Copy nothing but the lines below, from the one with "Striped Print Dropped" through the one with "10th Anniversary with", exactly as written; no pictures should appear.

Data for this task:
########################################
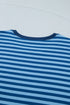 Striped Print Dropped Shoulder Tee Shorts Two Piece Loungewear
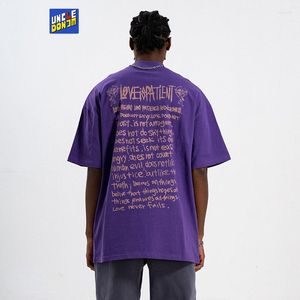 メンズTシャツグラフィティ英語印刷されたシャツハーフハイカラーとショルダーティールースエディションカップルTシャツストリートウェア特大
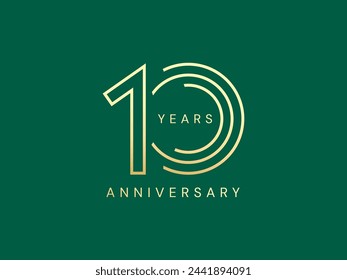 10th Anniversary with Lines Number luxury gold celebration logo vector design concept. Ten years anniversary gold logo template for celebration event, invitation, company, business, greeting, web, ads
########################################
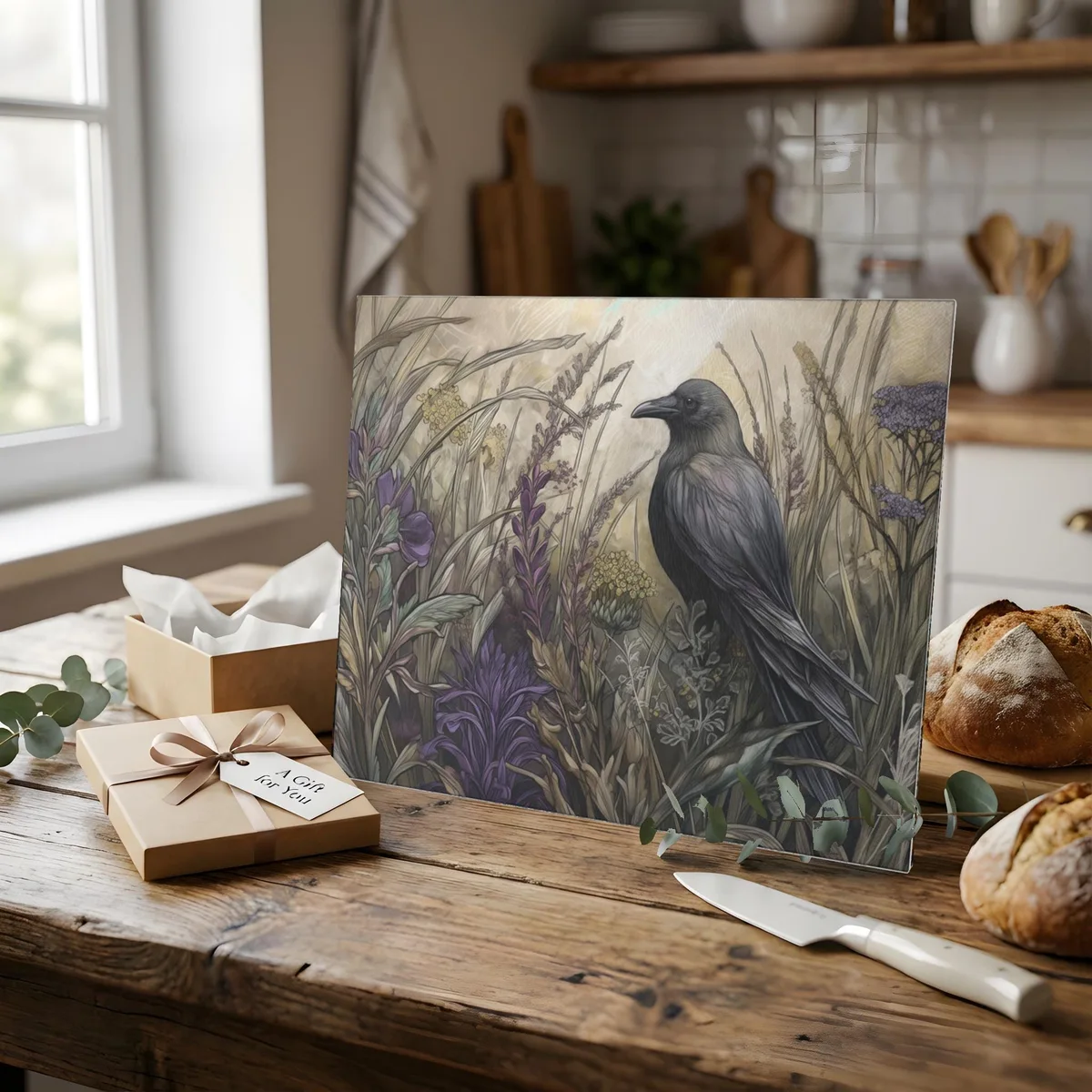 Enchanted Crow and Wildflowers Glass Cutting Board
########################################
Result of the task:
 Striped Print Dropped Shoulder Tee Shorts Two Piece Loungewear
 メンズTシャツグラフィティ英語印刷されたシャツハーフハイカラーとショルダーティールースエディションカップルTシャツストリートウェア特大
 10th Anniversary with Lines Number luxury gold celebration logo vector design concept. Ten years anniversary gold logo template for celebration event, invitation, company, business, greeting, web, ads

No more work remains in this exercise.